Lewa strona medalu
Taką elektryzującą wiadomość podały w poniedziałek prawicowe media, ogłaszając swoje zwycięstwo w walce z pomnikiem, od lat będącym jednym z symboli Pragi. Wszystko na podstawie cytatu z wypowiedzi Hanny Gronkiewicz-Waltz, która stwierdziła, że „nie ma woli wśród radnych, a to jest przede wszystkim ich kompetencja. Ja też nie mam sentymentu do tego pomnika.”
Euforia prawicy jest - delikatnie mówiąc - niezrozumiała. Albo nie potrafią czytać ze zrozumieniem, albo są tak głodni sukcesu, że naciągają fakty. Prezydent Warszawy powiedziała przecież tylko, że nie ma sentymentu do „Czterech śpiących”. I ma do tego prawo, choć trochę się dziwię, zważywszy na to, że w dzieciństwie często bywała na Pradze. Stwierdziła też - jak najbardziej słusznie - że to jest decyzja radnych. A to, jaka jest ich wola, to już zupełnie inna sprawa. Przekonaliśmy się o tym na poprzedniej sesji Rady Miasta, kiedy to PiS po raz kolejny próbował przeforsować uchwałę likwidującą „Czterech śpiących”. I po raz kolejny bezskutecznie.
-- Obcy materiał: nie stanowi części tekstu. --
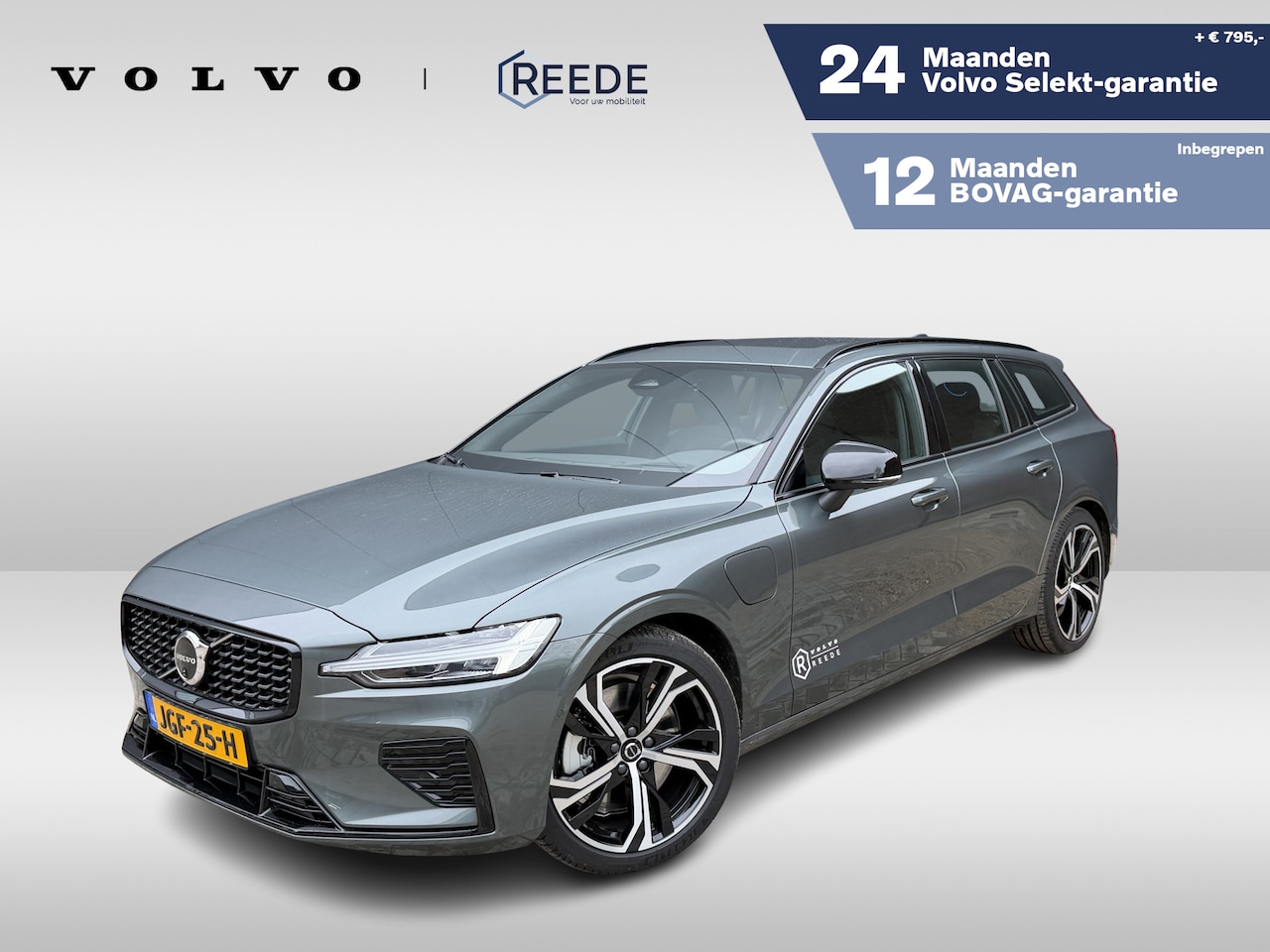 Volvo V60 - 2.0 T6 Plug-in hybrid AWD Plus Dark Premium | Climate | 19'' Wielen - AutoWereld.nl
Przeciwko zagłosowali radni SLD oraz Platformy Obywatelskiej, która notabene ma w Radzie Miasta samodzielną większość.
Co więc miała na myśli Hanna Gronkiewicz-Waltz mówiąc, że radni są przeciw powrotowi pomnika na Pragę? Głosowanie pokazało przecież co innego, ale to już przemilczeli prawicowi dziennikarze. Odpowiedź przyszła dość szybko po tym, jak po początkowej euforii na prawicowych blogach ustały entuzjastyczne komentarze. W sztabie PiS zorientowano się, że tak naprawdę Hanna Gronkiewicz-Waltz wytrąciła im oręż z ręki. Nie będą mogli w kampanii prezydenckiej i parlamentarnej wykorzystywać pomnika do politycznego sporu. Tworzyć kolejnego historycznego podziału, tym bardziej, że tak naprawdę PiS z Platformą bywają w nich często po tej samej stronie. Dlatego Platforma odłoży na półkę sprawę pomnika „Czterech śpiących”. Nie będzie w ten sposób drażnić ani wyborców prawicy, ani tych z centrum, ani tych z sercem po lewej stronie.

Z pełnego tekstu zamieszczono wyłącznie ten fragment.